An Empirical Examination of Risk


Management Practices in the Gold Mining Industry Author(s) : Peter Tufano
Auteur (s): Peter Tufano Source: Le Journal of Finance, Vol. 51, No.4, (Sep., 1996),
pp.1097-1137 Publié par: Blackwell Publishing pour l'American Finance Association
Stable URL: http://www.jstor.org/stable/2329389

Méthodologie
Analyse de Tobit. Cependant, ces modèles sont également appelés modèles de régression
censurés ou MRC. Modèles de régression tronquée Cette terminologie plus précise permet
en effet d'introduire la distinction entre "échantillons tronqués" et "échantillons censurés" :

Résultats univariés :
L’auteur suggère un regroupement naturel des entreprises dans l'industrie de l'extraction de
l'or. Les extrémités du spectre de la gestion des risques sont représentées par les 14,6 %
d'entreprises qui n'utilisent aucune technique de gestion des risques financiers et les 16,8 %
d'entreprises qui gèrent plus de 40 % de leur production sur trois ans.

Résultats multi variés


L'auteur a détaillé trois points essentiels, tout d'abord :

Les hypothèses de maximisation de l'actionnariat : les prévisions initiales des hypothèses de


maximisation de l'actionnariat ne sont pas bien étayées par les données ; ensuite, les
hypothèses de maximisation de l'utilité managériale : les entreprises déterminent la gestion
des risques et les décisions de rémunération (ainsi que la politique d'investissement et
l'effet de levier). Et enfin les contrôles des substituts de la gestion des risques : Contrôles
des substituts de la gestion des risques

Les résultats de l'analyse tobit sont cohérents avec les entreprises qui utilisent la gestion des
risques et les soldes de trésorerie comme approximation, en ce sens que les entreprises
ayant des soldes de trésorerie plus importants gèrent moins de risques. Cependant, les
données ne montrent pas de relation entre l'étendue de la diversification en dehors de
l'industrie minière et le niveau des soldes de trésorerie.

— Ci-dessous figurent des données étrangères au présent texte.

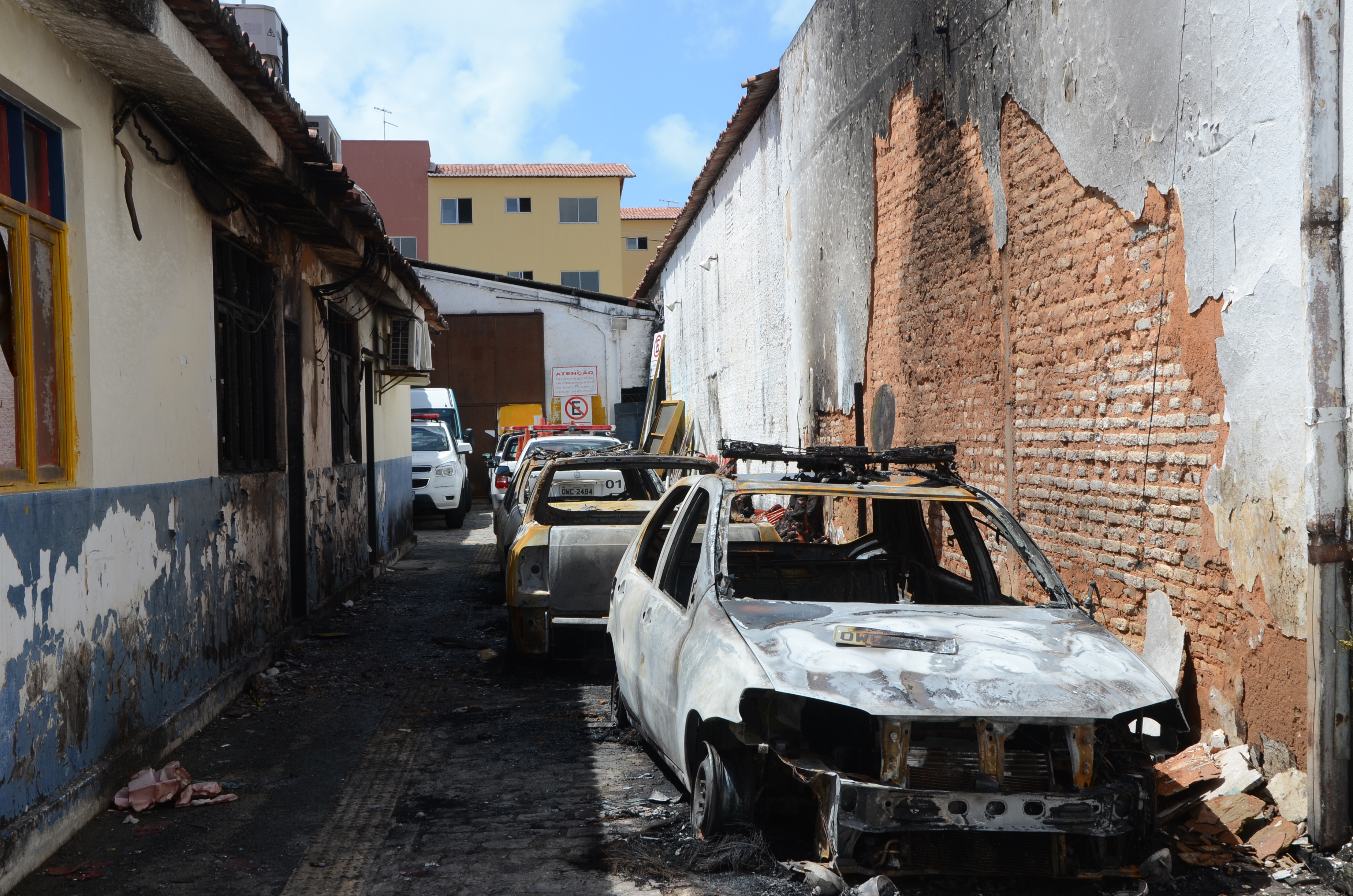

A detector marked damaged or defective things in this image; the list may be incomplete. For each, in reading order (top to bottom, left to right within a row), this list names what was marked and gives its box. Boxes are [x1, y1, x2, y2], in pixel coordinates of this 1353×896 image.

Et le degré de gestion des risques.

Les Hypothèses :
De maximisation de l'actionnariat

 Détresse financière
 Politique d'investissement
 Taxes
De maximisation de l'utilité managériale
 Aversion au risque des cadres
 Compétences en matière de gestion de la signalisation
 Alternatives à la gestion des risques en tant que contrôles

Les théories de la gestion des risques d'entreprise et les Implications


empiriques :
Les théoriciens ont construit deux catégories d'explications des choix des gestionnaires
des activités de gestion des risques pour le compte de leurs entreprises. Une catégorie
d'explications porte sur la gestion des risques en tant que moyen de maximiser la valeur
pour les actionnaires, et le second se concentre sur la gestion des risques comme moyen
de maximiser les d'utilité privée.

Résumé:
Cet article décrit les pratiques de gestion des risques et vérifie leur conformité avec la
théorie existante en analysant : l'industrie de l'extraction de l'or en Amérique du Nord. Tout
en avançant que les académiques connaissent que peu les pratiques de gestion des risques
des entreprises, alors que théoriciens continuent à avancer de nouvelles justifications pour
la gestion des risques des entreprises, les empiristes qui cherchent à tester si la pratique est
conforme à ces théories.

Les empiristes sont contrariés par un manque de données significatives, car les entreprises
ne divulguent que des détails minimaux sur leurs programmes de gestion des risques, ils ne
peuvent pas tester de manière fiable si les pratiques de gestion des risques des entreprises
sont conformes aux théories existantes. Alors que les entreprises du secteur de l'extraction
de l'or divulguent leurs activités de gestion des risques de manière très détaillée sur les
formes de gestion des risques, et permet aux analystes de calculer des mesures
significatives du degré de gestion des risques entrepris, car les entreprises minières ont
adopté des méthodes très différentes pour la gestion des risques.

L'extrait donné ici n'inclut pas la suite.